Check the cut() function has worked:

melanoma$t_stage.factor %>% levels()
## [1] "[0,1]"    "(1,2]"    "(2,4]"    "(4,17.4]"

Recode for ease.

melanoma <- melanoma %>% 
  mutate(
    t_stage.factor = 
      fct_recode(t_stage.factor,
                 "T1" = "[0,1]",
                 "T2" = "(1,2]",
                 "T3" = "(2,4]",
                 "T4" = "(4,17.4]") %>% 
      ff_label("T-stage")
  )

We will now consider our outcome variable. With a binary outcome and health data, we often have to make a decision as to when to determine if that variable has occurred or not. In the next chapter we will look at survival analysis where this requirement is not needed.

Our outcome of interest is death from melanoma, but we need to decide when to define this.

A quick histogram of time stratified by status.factor helps. We can see that most people who died from melanoma did so before 5 years (Figure 9.7). We can also see that the status most of those who did not die is known beyond 5 years.

library(ggplot2)
melanoma %>% 
  ggplot(aes(x = time/365)) + 
  geom_histogram() + 
  facet_grid(. ~ status.factor)
## `stat_bin()` using `bins = 30`. Pick better value with `binwidth`.
Time to outcome/follow-up times for patients in the melanoma dataset.

FIGURE 9.7: Time to outcome/follow-up times for patients in the melanoma dataset.

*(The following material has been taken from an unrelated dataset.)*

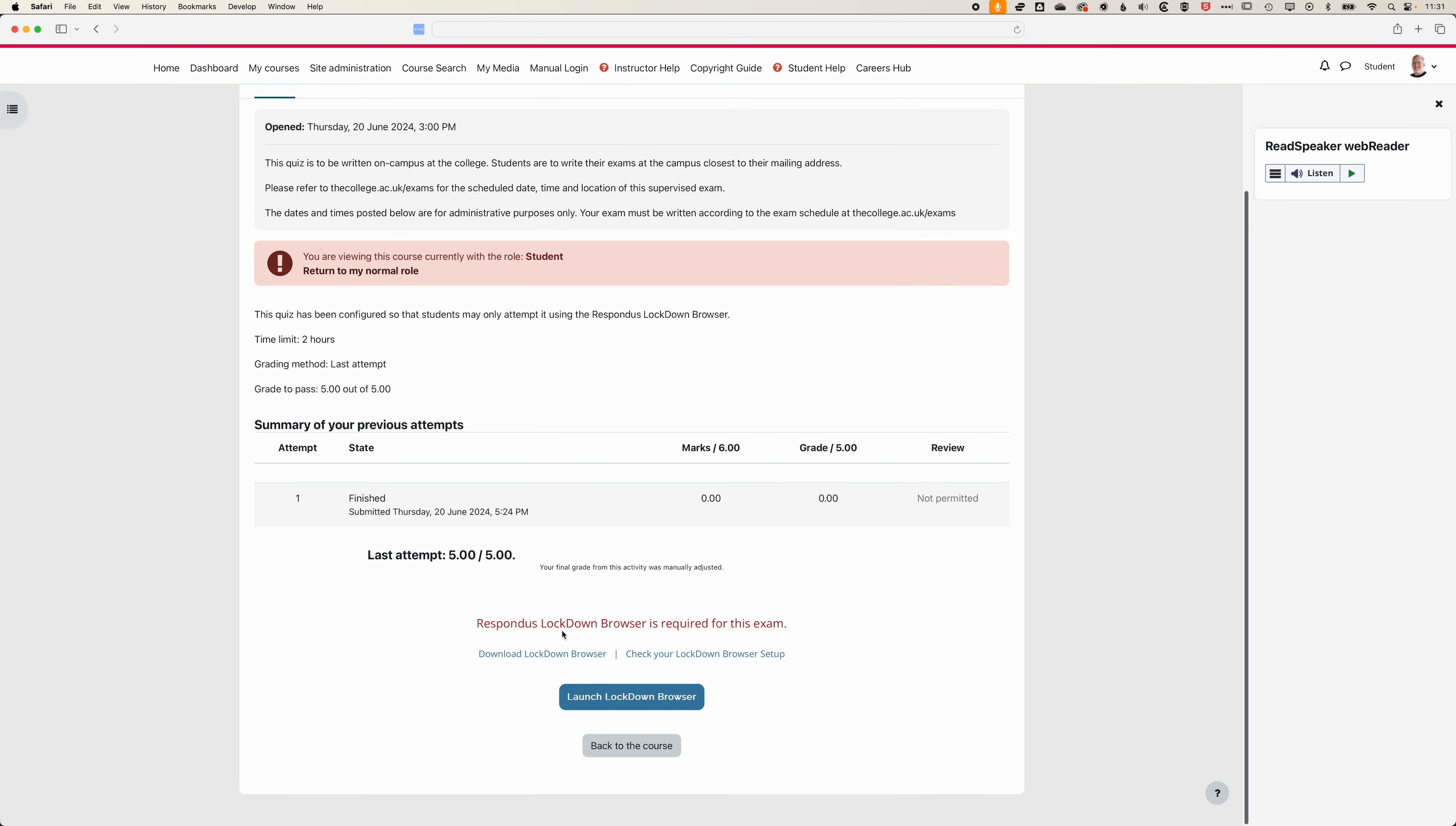So one important thing is to get students to do a test quiz, a quiz with no jeopardy using Lockdown Browser so they can go through the process of installing the Lockdown Browser software before they're actually doing an assessed quiz within the Lockdown Browser. If you have any questions about this please do get in touch, but that's how to add Lockdown Browser to your quizzes and exams within Moodle.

Let’s decide then to look at 5-year mortality from melanoma. The definition of this will be at 5 years after surgery, who had died from melanoma and who had not.

# 5-year mortality
melanoma <- melanoma %>% 
  mutate(
    mort_5yr = 
      if_else((time/365) < 5 & 
                (status == 1), 
              "Yes",          # then
              "No") %>%       # else
      fct_relevel("No") %>% 
      ff_label("5-year survival")
  )

9.3.5 Plot the data

We are interested in the association between tumour ulceration and outcome (Figure 9.8).

p1 <- melanoma %>% 
  ggplot(aes(x = ulcer.factor, fill = mort_5yr)) + 
  geom_bar() + 
  theme(legend.position = "none")

p2 <- melanoma %>% 
  ggplot(aes(x = ulcer.factor, fill = mort_5yr)) + 
  geom_bar(position = "fill") + 
  ylab("proportion")

library(patchwork)
p1 + p2
Exploration ulceration and outcome (5-year mortality).

FIGURE 9.8: Exploration ulceration and outcome (5-year mortality).

As we might have anticipated from our work in the previous chapter, 5-year mortality is higher in patients with ulcerated tumours compared with those with non-ulcerated tumours.

We are also interested in other variables that may be associated with tumour ulceration. If they are also associated with our outcome, then they will confound the estimate of the direct effect of tumour ulceration.

We can plot out these relationships, or tabulate them instead.

9.3.6 Tabulate data

We will use the convenient summary_factorlist() function from the finalfit package to look for differences across other variables by tumour ulceration.

library(finalfit)
dependent <- "ulcer.factor"
explanatory <- c("age", "sex.factor", "year", "t_stage.factor")
melanoma %>% 
  summary_factorlist(dependent, explanatory, p = TRUE,
                     add_dependent_label = TRUE)
TABLE 9.1: Multiple variables by explanatory variable of interest: Malignant melanoma ulceration by patient and disease variables.
Dependent: Ulcerated tumour Absent Present p
Age (years) Mean (SD) 50.6 (15.9) 54.8 (17.4) 0.072
Sex Female 79 (68.7) 47 (52.2) 0.024
Male 36 (31.3) 43 (47.8)
Year Mean (SD) 1970.0 (2.7) 1969.8 (2.4) 0.637
T-stage T1 51 (44.3) 5 (5.6) <0.001
T2 36 (31.3) 17 (18.9)
T3 21 (18.3) 30 (33.3)
T4 7 (6.1) 38 (42.2)

It appears that patients with ulcerated tumours were older, more likely to be male, and had thicker/higher stage tumours. It is important therefore to consider inclusion of these variables in a regression model.